There are a few methods of picking a 3D object from a 2D coordinate.
The ones I know of are (in order of popularity):
1)  gluUnProject to get a ray, then use a collision detection
algorithm to check against your object bounds
2)  Use the color/depth buffer
--  This involves a special little bit of work.
--  When a touch comes in, on the next draw, you render the pickable
objects without textures, lights, etc, each with a unique color.  Keep
your Z-Buffer on and you will have colors that represent the objects
which are ordered front to back.  You then check the framebuffer to
see which color is at the touch point and you will then know your
object.  Erase and do your normal rendering after.
3)  You can implement something like gluUnProject yourself if you
create your modelview matrix look-at in a separate matrix.  It's not
as hard as it sounds.  You can create your vector starting with 0,0,1
then translating based on the touch x,y and field of view, then
finally multiply it by that matrix and you've got it.  I'd rather just
use unproject, though.

As far as loading models and 3D data...
The fact of the matter is that there are so many different file
formats, each with its own tradeoffs.  If you want static geometry,
you can just write an OBJ loader.  It's not very hard and I actually
posted code to my first one:

If you want animations, things get harder.  You have to pick a tool to
use to make your animations, then you have to figure out if that tool
exports a format that you can find or write importing code for.  Good
engines write their own importer/exporters for their own formats.  Why
no universal format?  Different formats allow for different features.
Since each game specializes in some way, it's hard to make it
universal.  It gets worse - you can't just "import into opengl."
Opengl is great, but it deals with primitives.  If you want to
animate, you need to understand some 3D geometry foundation because
you have to know how your animations really work, down to the vertex.

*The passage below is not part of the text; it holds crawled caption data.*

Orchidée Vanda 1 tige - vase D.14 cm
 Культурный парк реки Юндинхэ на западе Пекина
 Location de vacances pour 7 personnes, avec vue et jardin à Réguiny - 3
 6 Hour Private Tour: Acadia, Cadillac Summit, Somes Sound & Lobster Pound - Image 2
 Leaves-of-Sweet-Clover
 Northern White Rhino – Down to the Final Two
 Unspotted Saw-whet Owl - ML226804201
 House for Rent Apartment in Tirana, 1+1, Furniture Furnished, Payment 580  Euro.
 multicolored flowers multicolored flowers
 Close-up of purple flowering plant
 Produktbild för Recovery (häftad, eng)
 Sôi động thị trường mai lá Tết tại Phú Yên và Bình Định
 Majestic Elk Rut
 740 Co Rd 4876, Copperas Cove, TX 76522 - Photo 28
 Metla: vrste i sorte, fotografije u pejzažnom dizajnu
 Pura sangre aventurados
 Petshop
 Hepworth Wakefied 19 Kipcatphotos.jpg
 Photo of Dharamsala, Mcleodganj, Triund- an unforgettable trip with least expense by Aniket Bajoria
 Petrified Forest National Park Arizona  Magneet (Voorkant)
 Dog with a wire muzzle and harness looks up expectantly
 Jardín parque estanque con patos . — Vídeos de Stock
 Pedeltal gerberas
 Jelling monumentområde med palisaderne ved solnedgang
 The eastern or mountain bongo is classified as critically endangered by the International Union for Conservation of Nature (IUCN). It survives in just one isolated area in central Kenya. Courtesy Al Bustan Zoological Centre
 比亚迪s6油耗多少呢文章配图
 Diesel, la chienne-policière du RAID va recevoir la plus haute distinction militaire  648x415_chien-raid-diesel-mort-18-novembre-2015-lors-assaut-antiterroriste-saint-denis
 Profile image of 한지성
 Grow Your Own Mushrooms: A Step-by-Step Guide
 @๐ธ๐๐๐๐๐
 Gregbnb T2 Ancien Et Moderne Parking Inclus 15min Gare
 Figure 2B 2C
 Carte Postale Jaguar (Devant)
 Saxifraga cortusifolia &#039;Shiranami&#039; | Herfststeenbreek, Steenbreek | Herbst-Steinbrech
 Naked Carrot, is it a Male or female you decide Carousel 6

I ended up using Blender/MD2 as my tool and animation format.  You'll
see all of this in our upcoming game next month.  MD2 is nice because
it's very easy on the CPU if you write an interpolator in C and use
fixed point math for it.  The loader took a few days to figure out but
there are docs online that go over the file format in detail.  The
problem with it is that since it doesn't use bones, you can't combine
top/bottom animations and you can't just reskin.  You also can't mount
weapons easily (though we did it with some nasty hacks).

As for levels.. I haven't found an optimal solution yet.  We used
blender and manually partitioned out space into visible areas,
separated by visibility portals.  I wrote a visibility portal
occlusion algorithm so that we only draw the areas that are currently
visible.  We create a separate collision mesh which I load into an
octree (native code is a must for this stuff) and perform collision
tests on (also always in native code).  The advantage to this is that
it uses off-the-shelf tools and formats.  The downside is that since
we don't use a proper level editor, we don't get nice things like
built in entities, surface types, etc.  We had to hack it all in.

How long did all of this take us to learn and do?  I started learning
OpenGL ES last september and really started this game in November.
That puts us around 5 months on this title and we're still a good
month away from being done with it.  Too long for my tastes but it
does take a lot of time to learn how to do all of this stuff so I'm
glad I invested the time to learn.